If you are not fond of numbers or working in Accounting, chances are you are hardly a fan of bookkeeping, either. Adopting some best practices and habits as early as possible, however, is key to steering clear of costly errors when it comes to keeping track of your financial records.
Why You Need to Record Your Process
If you are a small business owner, it is very likely that most of your financial dealings take place in your head, rather than on a piece of paper or a program on your office computer. You are very good at remembering which suppliers are still waiting for your payment, or the customers that need to be covered. You do not require special software skills or rely on your internet connection and system stability to ensure the smooth running of your business affairs.
This also has its disadvantages as well. When your process is not set in stone, surprises are bound to happen, you tend to forget about important paperwork, and targets might be easily missed. If you want to ensure a steady profit, avoid the seasonal ups and downs, have clear visibility of your long-term goals, and stay out of trouble with revenue agencies, then you need to handle your money better. Here are some tips to help you navigate your small business in a neater way.
Plan Your Expenses
Plan, plan, plan. Planning is at the heart of proper bookkeeping. And planning does not only apply to this week’s expenses. You need to have a spending strategy for at least a year ahead, or maybe even a few. What is going to bite off a huge chunk of your resources in the observable future? A facility upgrade? Office equipment that is screaming “Replace me!”, or new machinery and personnel, required for a smooth work process?
Analyze your ability to spend money on each of these things during different periods of time over the year. Prioritize. See which expense should come first, and which one can wait. Make sure you don’t find yourself short on cash during slow months.
Keep Track of Your Money
Expenses can be really difficult to trace, unless you take the time to put down each occasion when that happens. If you need an incentive, just think of all the tax write-offs you are probably missing out on by not tracking where your money goes.

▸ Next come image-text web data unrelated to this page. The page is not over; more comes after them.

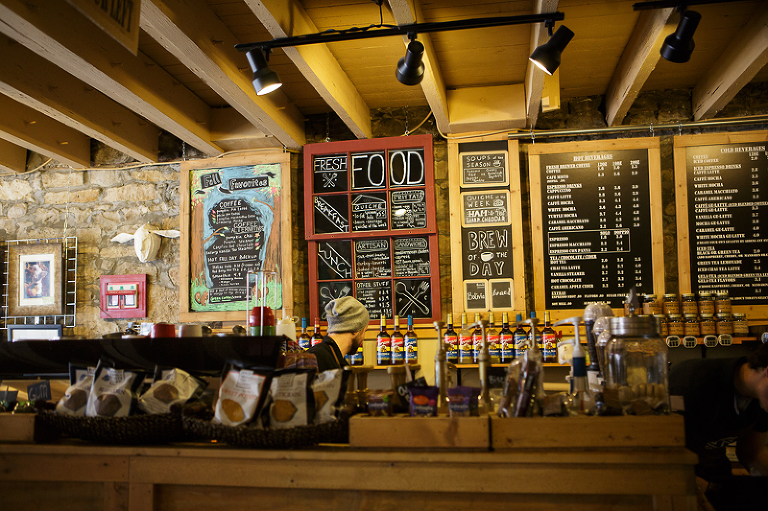 Engagement-Kansas-City_Click-Photography-Chris-Lindsay-1002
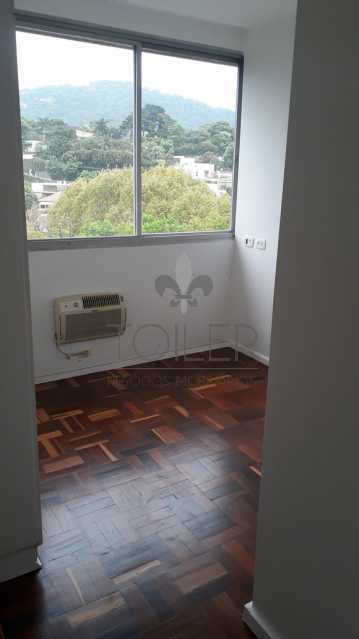 Conheça 07 do imóvel - Apartamento Avenida Visconde de Albuquerque,Leblon,Rio de Janeiro,RJ Para Venda e Aluguel,4 Quartos,150m² - LB-VA4010 - 8 07 - Apartamento Avenida Visconde de Albuquerque,Leblon,Rio de Janeiro,RJ Para Venda e Aluguel,4 Quartos,150m² - LB-VA4010 - 8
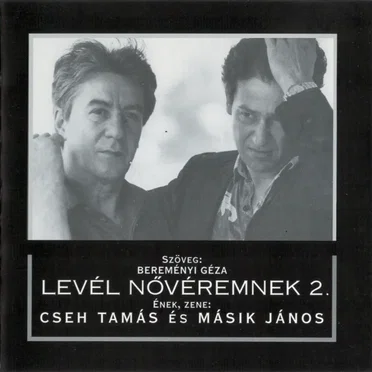Cseh Tamás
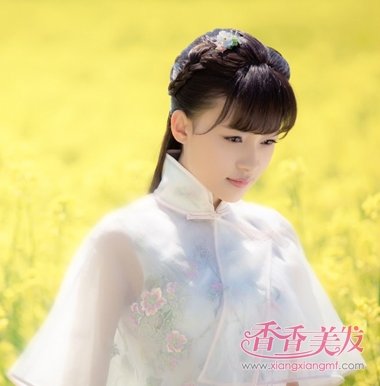 ����������������625��½��Ѷ ������������������𸴹�ʱ��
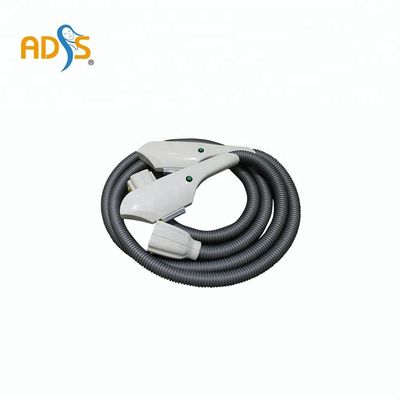 Opt E Light Ipl تجهیزات زیبایی لیزر Dpl بدن زنان مرد پوست صورت دستگاه موهای صورت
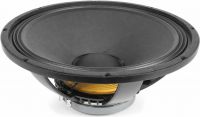 PD18PS Basshøyttaler Aluminium 18'' 1200W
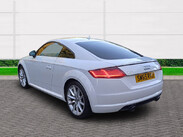 Audi TT TFSI SPORT 5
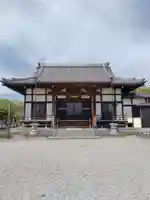 洞源寺(群馬県)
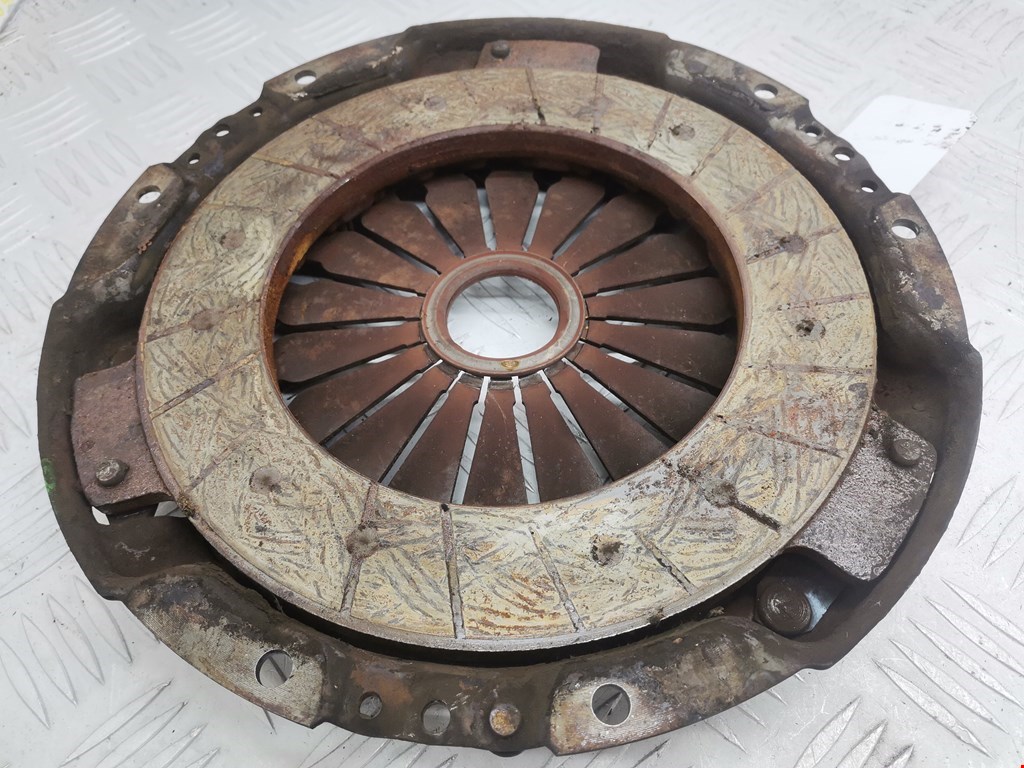 Маховик (демпфер сцепления) CITROEN Xantia 1993-2002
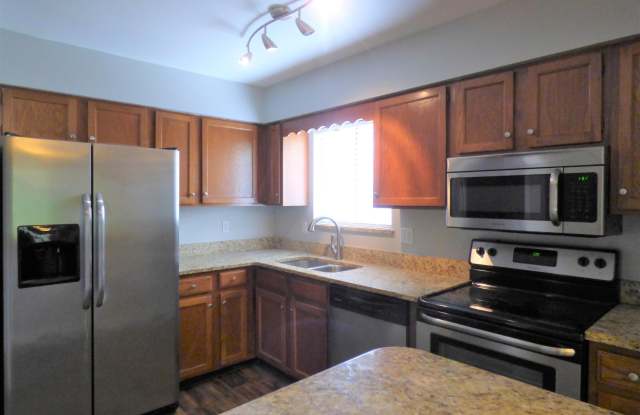 10526 ANCHORAGE COVE Lane Gallery 4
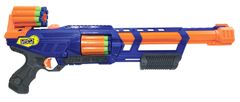 UNBRANDED Dart Zone Legendfire Powershot 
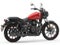 2024 Royal Enfield Meteor 350 Base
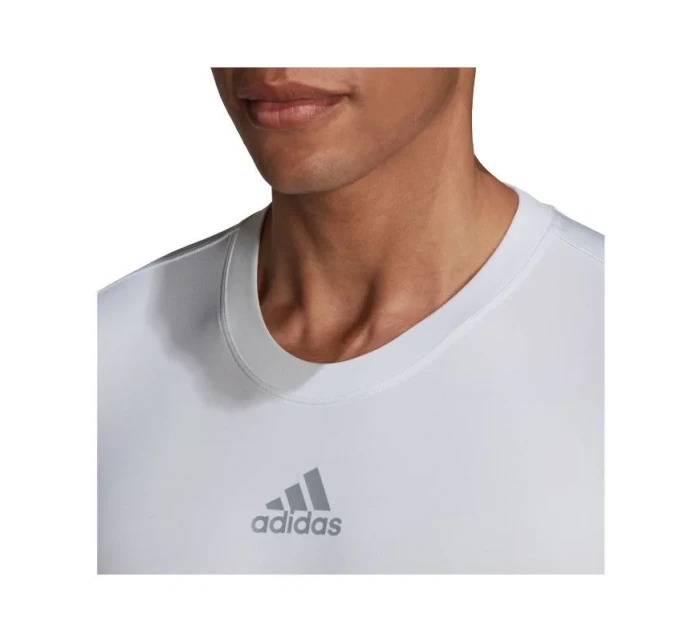 Pánské termo tričko M  model 17020368 - ADIDAS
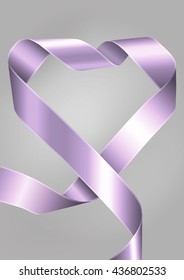 satin ribbon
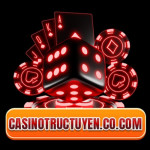 casinottcocom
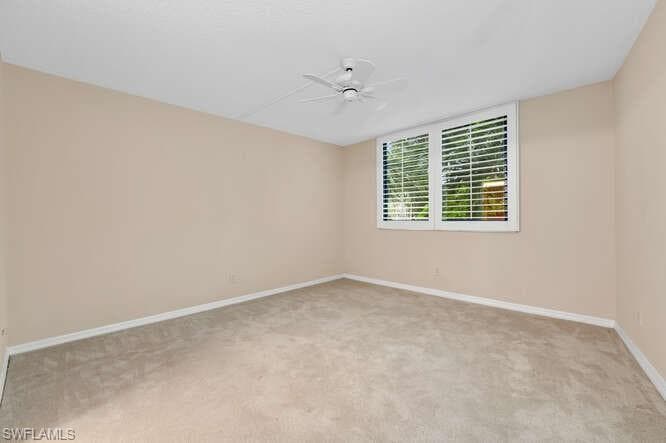 2340 Gulf Shore Blvd N 108, Naples, FL 34103-9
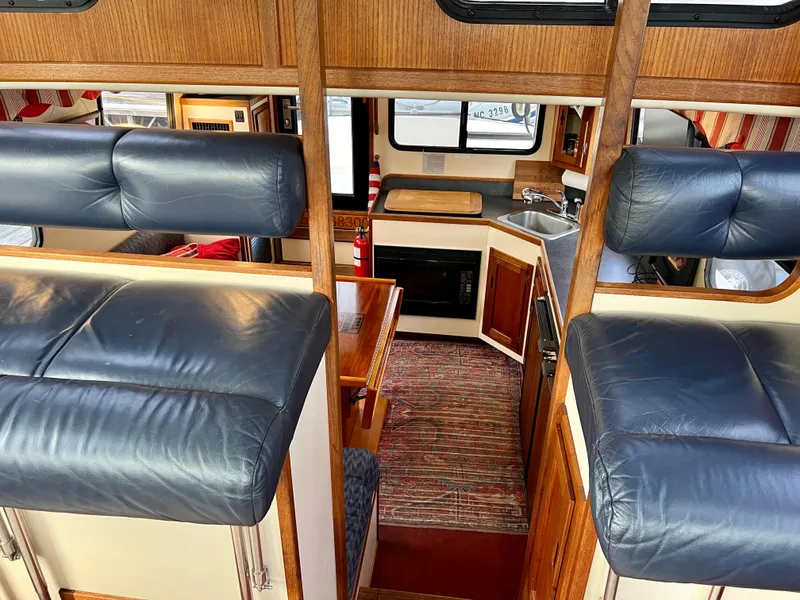 Slide: The Image of Nordic 32 1999 - 36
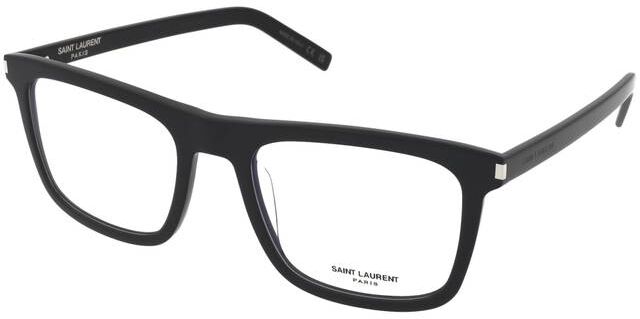 Saint Laurent SL 547 Slim OPT 005 SL 547 Slim Opt 005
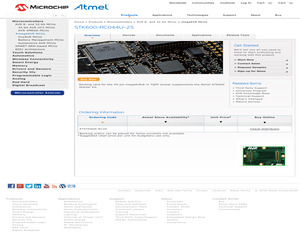 ATSTK600-RC25.pdf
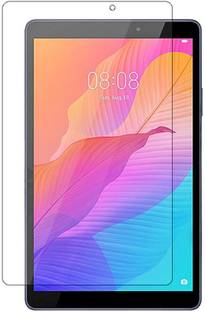 SkyTree Tempered Glass Guard for Huawei MatePad T8
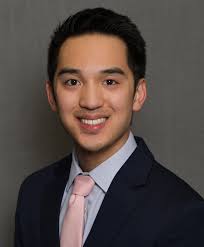 Congrats to 5th year DO-PhD student, Alan Halim, for successfully passing  his comprehensive exam!! His proposal was titled, "Therapeutic Inhibition  of miR-10b to target breast cancer stemness and metastasis." 🎉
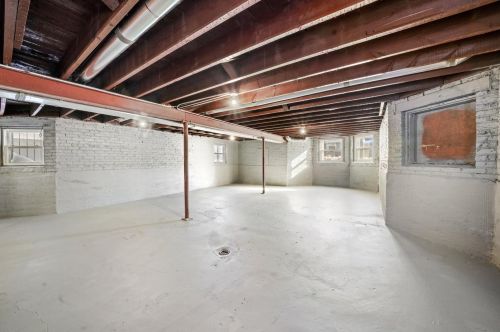 748 Long Ave, Chicago IL  60644-1142 exterior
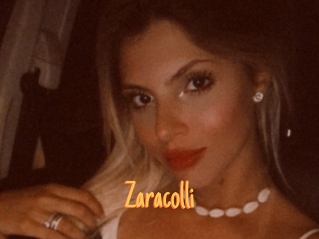 Zaracolli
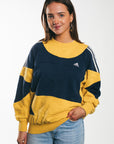 Adidas - Sweatshirt (M)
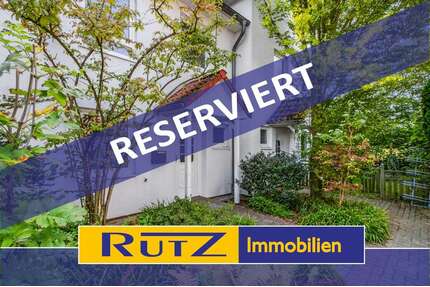 Haus zum Kaufen in Großenkneten Huntlosen 229.000,00 € 135 m² - Großenkneten / Huntlosen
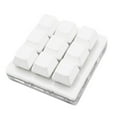 thumbnail image 3 of 9 Keys Keyboard Mechanical Macro With Software Setting Defination Programming, 3 of 7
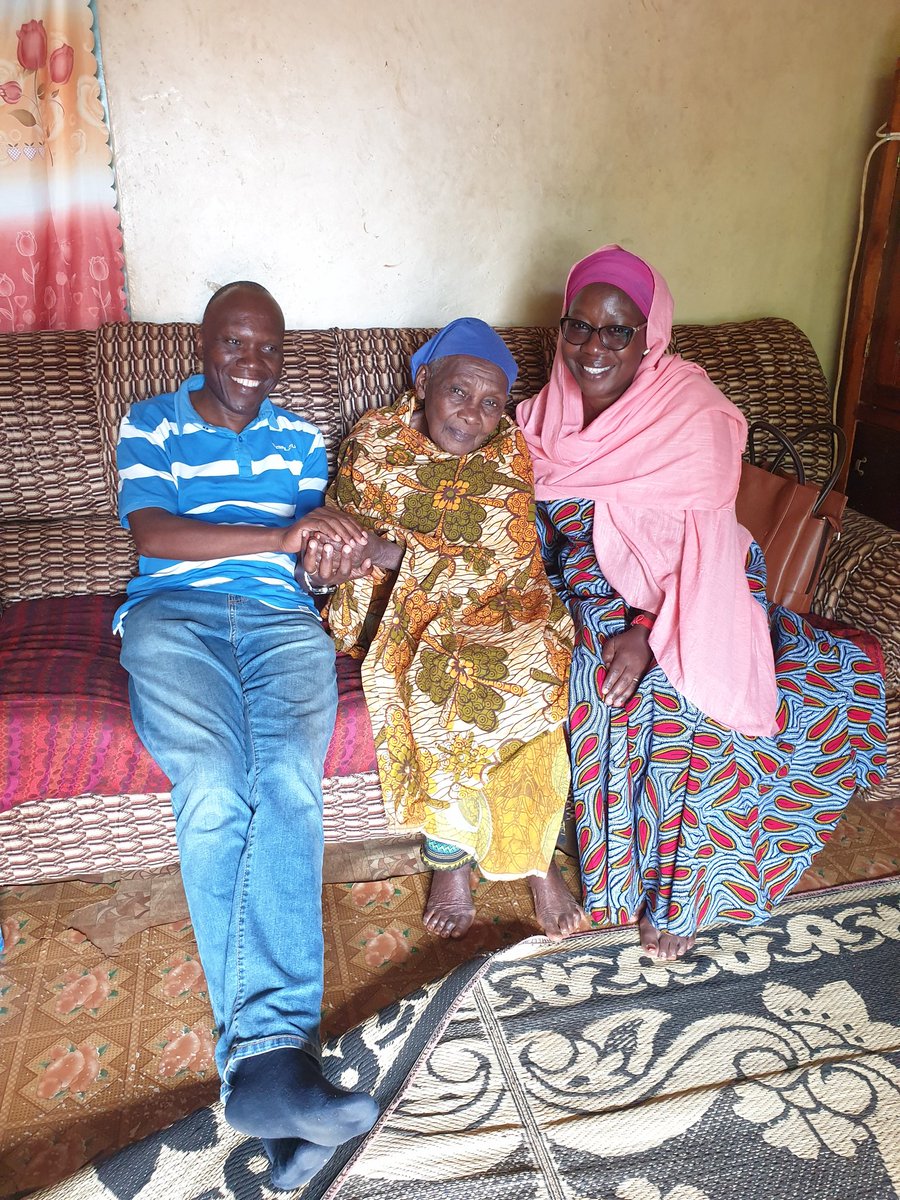 RugalemaGabriel tweet media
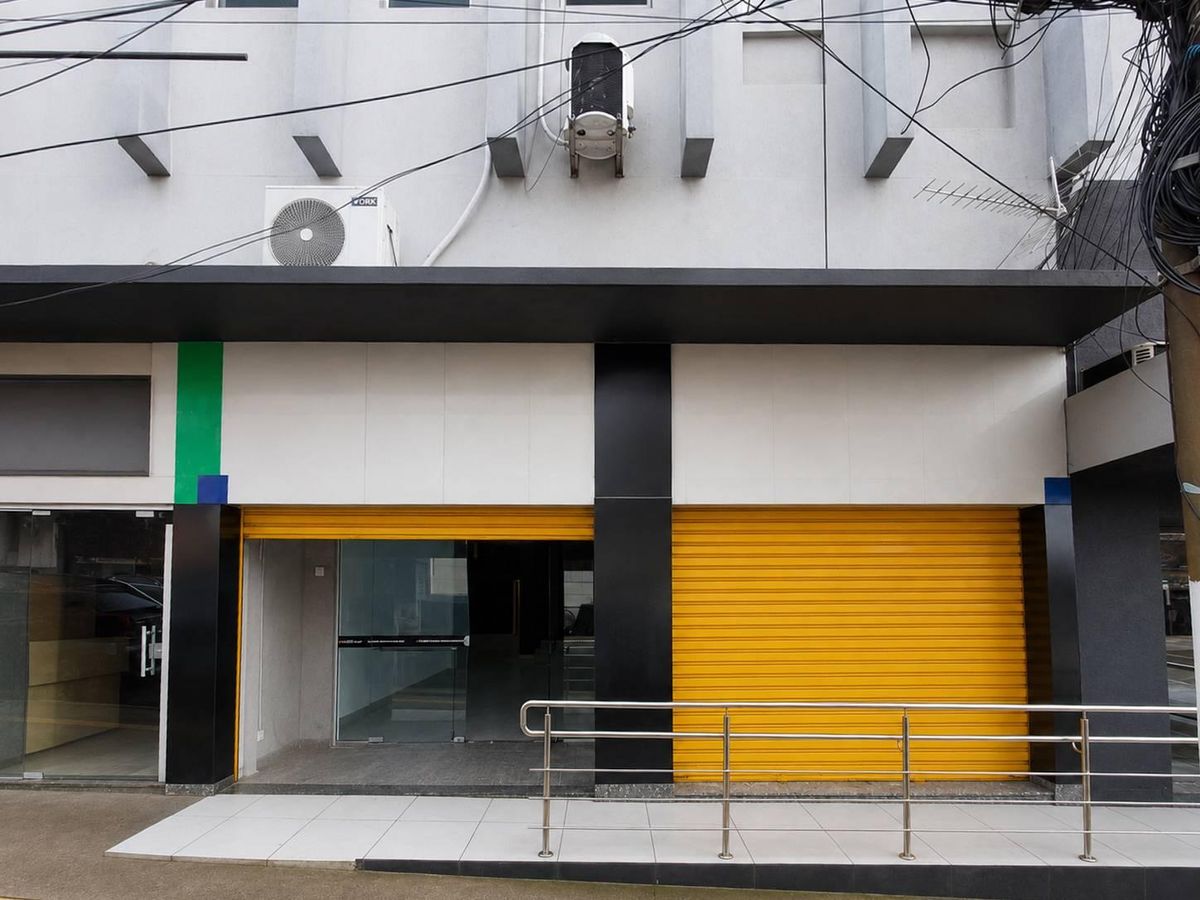 Loja para alugar, 350 m² por R$ 8.900,00/mês - Centro - Gravataí/RS - Loja em Centro, Gravataí - para locação e à venda - Dimobi Cia imobiliaria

If you want a clear history of company expenditures, a business credit card would do the trick and keep the history in one place, especially if you make sure you make your payments on time. (You can read more about bookkeeping types here.) Keeping track of business coffee meetings, lunches and events with customers would also come in handy, since you will have all the records of this kind of expenses in your tax statements, should you be audited.
Your Deposits Have Origin Too
Whether it’s a notebook in your back pocket, or some fancy software on your office computer, you need to be able to track down all the deposits in your business bank account.
Why? Because you don’t want to pay tax on that loan you got to cover your expenses off season, or the money that left your personal savings account in order to upgrade your company software. Make sure you can prove the origin of all your transaction history, so that you don’t part with money that didn’t come from profit.
You Need to Be Prepared for Taxes
You are all too familiar with how much and when you need to pay in taxes. Setting aside money every now and again will make a lot of difference when the time comes to do so.
You will not only avoid excessive stress and penalties for late tax payment, if you don’t have to set aside a huge chunk of money all at once, this can make the process a lot less painful.
Take Care of Your Invoices
Deal with invoices promptly and efficiently. If you fail to pay on time or skip an invoice entirely, this is going to hurt your revenue. If you are short of time to track your bills, hire somebody to do it for you.
If an invoice remains unpaid, set up a process to deal with the situation. Make a phone call or propose prolonged deadlines compensated by extra fees. Set up payment notifiation in cases where you need to cover an invoice every couple of months. Remember that all penalties, stemming from late payments, mean you have to let more cash go out, instead of in.